[Exercise instructions] Please tally the lines in the data below that include the string "Image", and reply with only the total.
[[ Data to process, beginning ]]
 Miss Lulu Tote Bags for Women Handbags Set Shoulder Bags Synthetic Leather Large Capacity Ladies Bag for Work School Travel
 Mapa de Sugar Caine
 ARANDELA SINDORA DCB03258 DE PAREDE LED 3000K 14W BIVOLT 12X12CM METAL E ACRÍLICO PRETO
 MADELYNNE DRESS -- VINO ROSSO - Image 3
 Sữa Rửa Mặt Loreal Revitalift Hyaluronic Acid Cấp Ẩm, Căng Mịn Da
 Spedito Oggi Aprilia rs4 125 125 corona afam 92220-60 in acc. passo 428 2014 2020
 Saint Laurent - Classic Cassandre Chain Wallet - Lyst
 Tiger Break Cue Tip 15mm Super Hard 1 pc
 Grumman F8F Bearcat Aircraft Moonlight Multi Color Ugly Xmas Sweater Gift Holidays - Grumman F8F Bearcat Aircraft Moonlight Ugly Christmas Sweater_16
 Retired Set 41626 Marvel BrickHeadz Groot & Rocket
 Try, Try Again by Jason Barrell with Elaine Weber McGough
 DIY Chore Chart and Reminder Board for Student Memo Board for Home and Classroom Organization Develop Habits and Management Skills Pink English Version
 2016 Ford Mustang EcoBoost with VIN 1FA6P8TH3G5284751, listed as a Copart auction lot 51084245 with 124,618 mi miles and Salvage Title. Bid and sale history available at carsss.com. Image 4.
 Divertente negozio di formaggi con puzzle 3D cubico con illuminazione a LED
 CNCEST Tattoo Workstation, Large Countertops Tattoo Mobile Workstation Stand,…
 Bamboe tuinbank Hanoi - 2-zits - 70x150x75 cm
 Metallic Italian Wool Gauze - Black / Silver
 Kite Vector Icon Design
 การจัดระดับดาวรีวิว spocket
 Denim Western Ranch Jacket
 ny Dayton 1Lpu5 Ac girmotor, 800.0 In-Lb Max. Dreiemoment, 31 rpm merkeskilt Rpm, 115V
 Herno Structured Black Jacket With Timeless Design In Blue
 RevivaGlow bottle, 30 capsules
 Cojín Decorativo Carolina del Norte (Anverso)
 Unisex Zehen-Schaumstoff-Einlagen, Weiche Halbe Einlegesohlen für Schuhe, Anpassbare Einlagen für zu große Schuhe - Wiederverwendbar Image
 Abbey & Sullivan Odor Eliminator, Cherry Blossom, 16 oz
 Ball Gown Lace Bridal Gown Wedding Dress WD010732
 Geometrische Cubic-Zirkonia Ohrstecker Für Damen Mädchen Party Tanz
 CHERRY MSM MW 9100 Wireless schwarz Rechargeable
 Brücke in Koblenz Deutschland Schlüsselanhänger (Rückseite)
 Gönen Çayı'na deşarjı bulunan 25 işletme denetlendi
[[ Data to process, end ]]
[Response area] 3